This Post 9/11 Video Is Still Moving After So Many Years

The tragedy of the terror attack of 9/11 that killed nearly 3000 human beings was devastating and there was more tragedy to unfold in the days and months that followed. There was a wave of islamophobia that swept across the United States manifesting in hate speech and hate crimes against Muslims. Such was the ignorance in that hatred, that it indiscriminately attacked anyone who looked like a Muslim – people from Asia, people with turbans and anyone with brown skin. In fact, the first casualty was a hate crime against a Sikh man who was murdered.

‘Retaliation’

Balbir Singh Sodhi was killed because someone wanted to “go out and shoot some towel-heads” after the 9/11 terror attacks. “He was killed simply because of the way he looked,” says a plaque outside the gas station where Sodhi was killed.

This video

After many of these attacks on Sikhs, some of the community members spoke to Indian American standup comic and social commentator Hasan Minaj about it. “Why don't you just go “Hey—I'm not Muslim,”’ ask Minaj. The reply expresses solidarity for other Muslims unfairly and cruelly targeted just for their identity and is heartening.

Don’t deflect hate

The message is that it is as wrong to target innocent Muslims for something that someone else calling themselves Muslims has done; as much as it is to target innocent Sikhs. Saying I am not Muslim, is the deflection of the hate; a way of saying ‘don’t attack me (only) because I am not Muslim.

‘Allyship and solidarity’

It is important for people to acknowledge that if they view every person belonging to one community with hatred and fear, this is prejudice. In this case, it is islamophobia but it could as easily have been some other type of hatred: against a religious identity, nationality, colour of skin or race.

Generosity of spirit

Sindhu Vee is also a standup comic; she is a British Indian comic who expressed her support for the generosity of spirit shown here.

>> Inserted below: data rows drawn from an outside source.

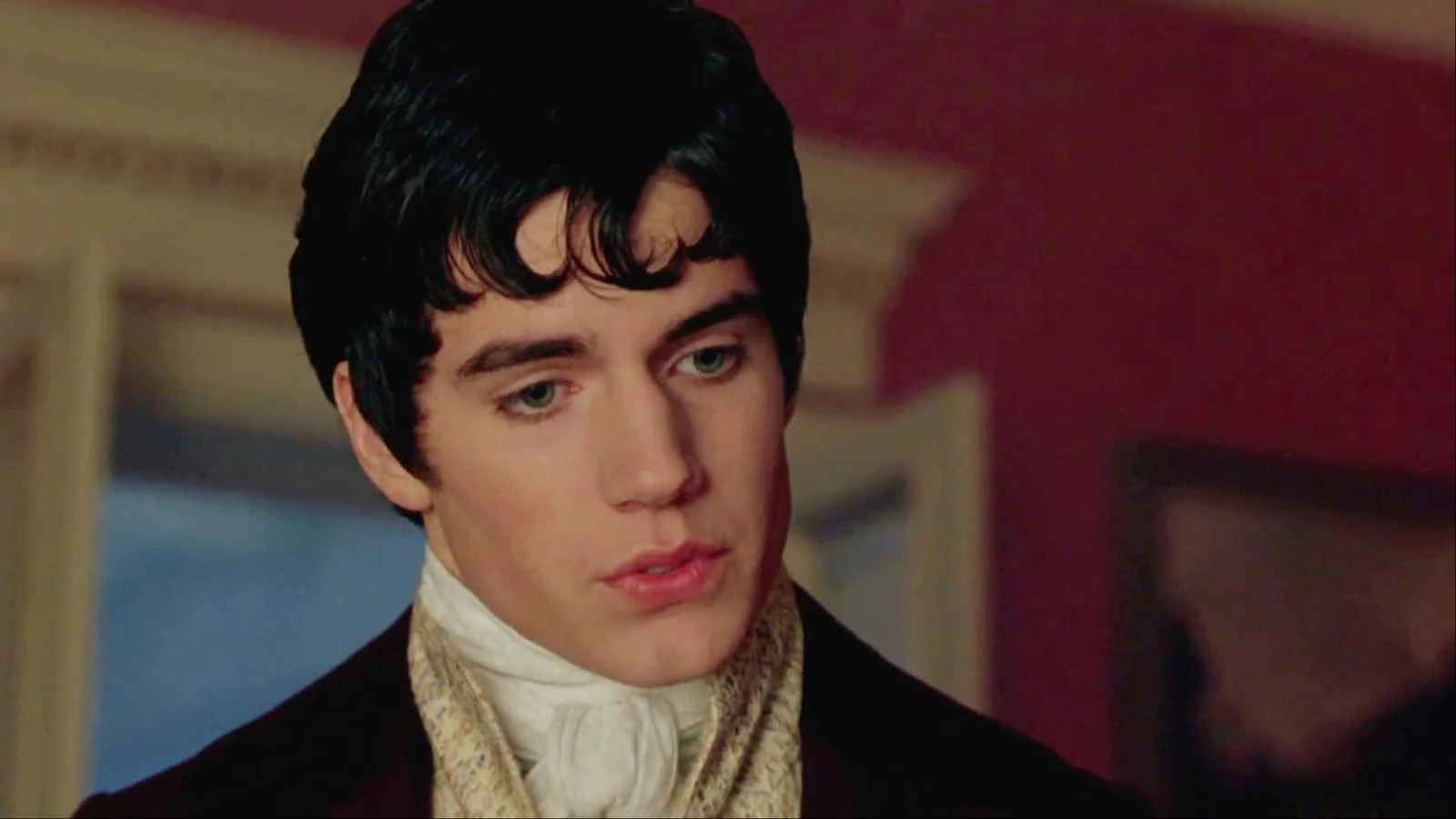 Henry Cavill e “O Conde de Monte Cristo”: clássico histórico que ainda impressiona após 24 anos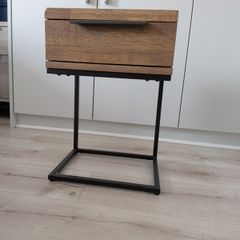 Next bedside table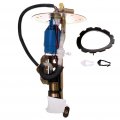 Ocpty High Performance Electric Fuel Pump Replacement For 1999 Cadillac Escalade L 1998-1999 Chevy Tahoe Gmc Yukon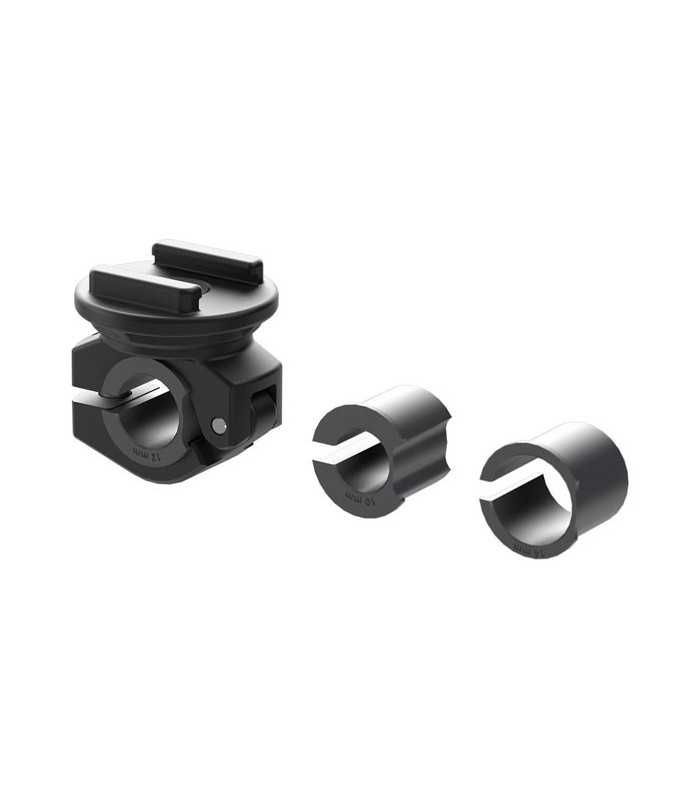 SP CONNECT™ MIRROR MOUNT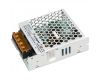 Блок питания для светодиодной ленты Arlight ARS 028781(1)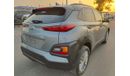 Hyundai Kona GLS Comfort 2.0L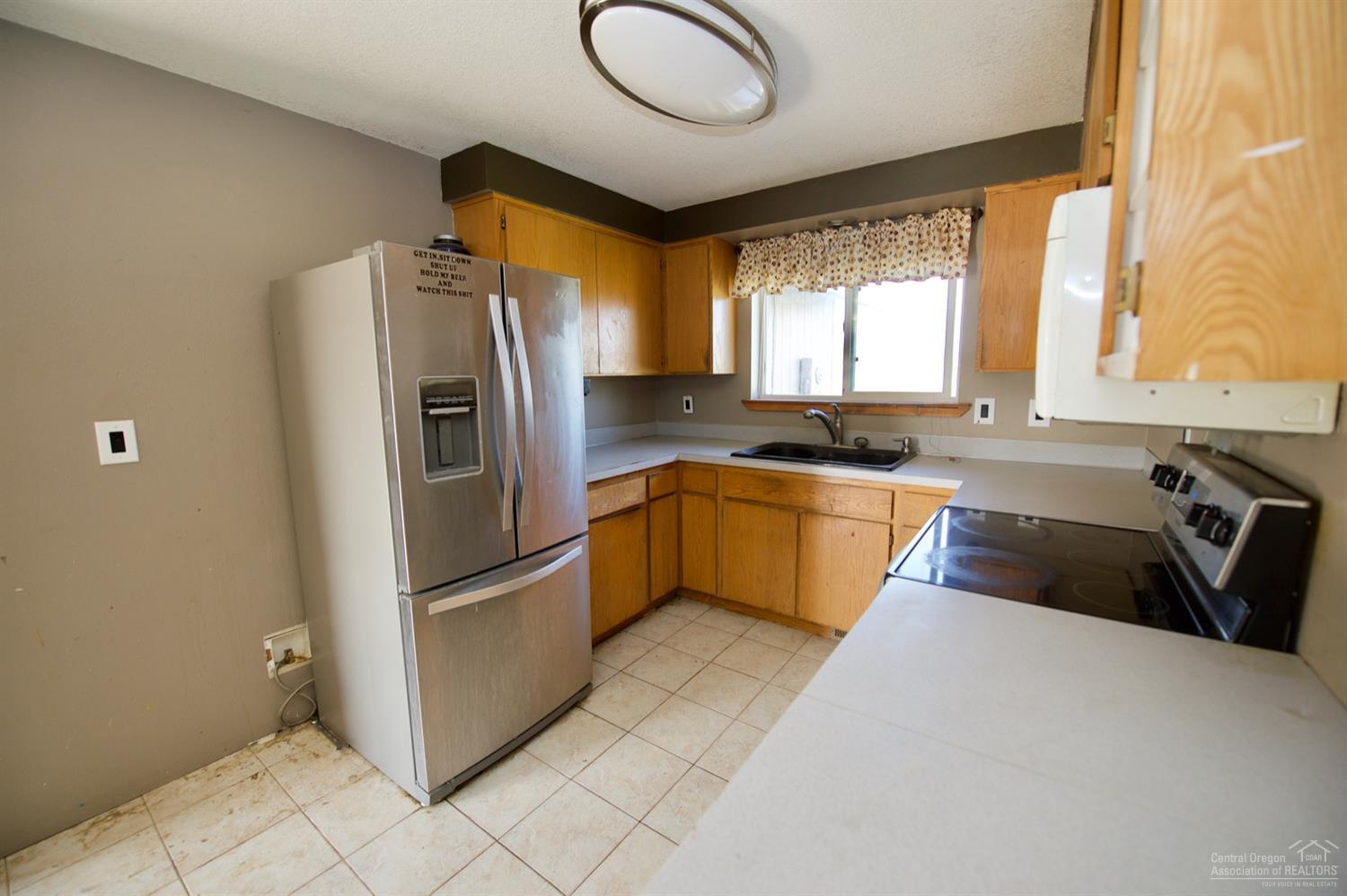 Circle C Acres - Residential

Safety is tied to each other

As the old saying goes, none of us is safe until all of us are safe. The fact is that if one innocent person is attacked for something they didn’t do, any of us could be attacked though we may be as innocent. It is the nature of hatred that it will find reasons to hate and that endangers us all.

Exactly this

In a hate crime such as the one Balbir Singh Sodhi was a victim of, the murderer was clearly a racist and wanted to 'punish' someone he saw as different, as the ‘other’.

Prejudice is not nuanced

By definition, prejudice is about seeing people not as individuals but instead judging them based on only one aspect of their identity. So Sodhi may have been a Sikh person at a petrol pump and another Muslim man may have been a teacher in a school or a college. However, for the person who hates, both are just people of colour and as such deserving of his hatred. This is why prejudice and hate are so dangerous – they discriminate based on identity. They hate indiscriminately. And they do both out of sheer ignorance.

This!

It is not enough that we do not subscribe to and promote hate and prejudice. We have to actively reject and counter it when we see it around us. That is what the Sikh people in the Hasan Minaj video are trying to do. Because, as we know, none of us is safe until we are all safe.